Nick Waterhouse grew up in a coastal town near Long Beach, CA. It was a serene setting: the ocean stretching out for miles to the North and South, manicured lawns, two-story homes, long swathes of concrete highway, fast food chains and mega malls. He was there for two decades. Then, he left.
He found a home in his early 20s in San Francisco, working at record stores alongside a collective of like minded young crate-diggers and 45 collectors.
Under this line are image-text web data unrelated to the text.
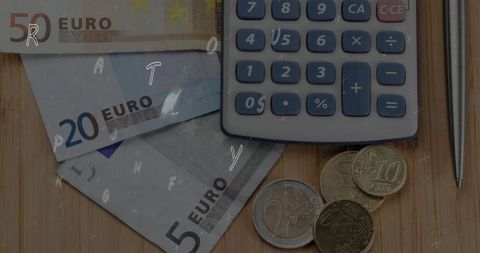 Counting euros with calculator and coins on wooden desk for budget planning
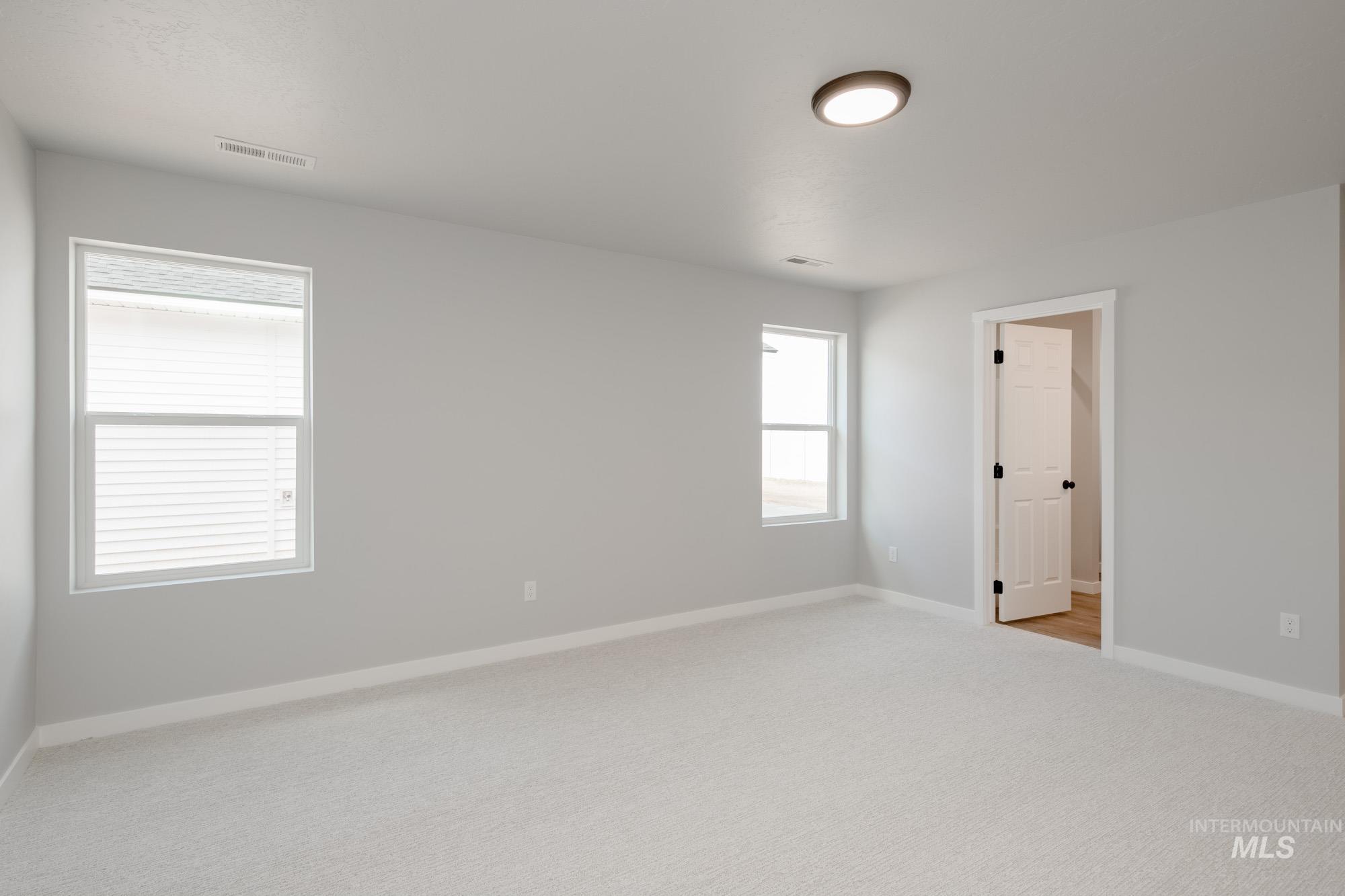 Unfurnished room with light carpet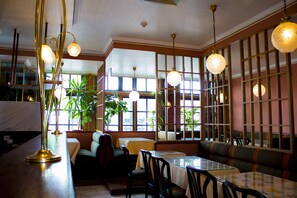 Ein Restaurantinnenraum mit Sitzecken, Tischen und hängenden Lampen.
And then he started making his own records: “Time’s All Gone” in 2012, “Holly” in 2014, “Never Twice” in 2016, “Nick Waterhouse” in 2019. These were evocative albums, steeped in a perfectionism and clarity of vision that informed every choice, from the studios to the players, the arrangements to the album art. Everything, deliberately designed and purposeful, bubbling over with power and feeling. And as those records rolled out into the world, Waterhouse found a dedicated audience of his own as well as a bevy of influential champions and collaborators, including garage-rock mystic Ty Segall, retro-futurist R&B bandleader Leon Bridges and the LA-based quartet Allah-Las, whose first two albums he meticulously produced and played on. There is a “Waterhouse Sound'' and it comes from both the man and the method — recording everything on magnet- ic tape, through analog equipment, and playing live (!), eyeball to eyeball, whenever possible.
Now, he’s finished his fifth album. Nick Waterhouse takes the color blue as his hue of choice as he takes a spiritual look to the past on new album, ‘Promenade Blue’ due out April 9 on Innovative Leisure.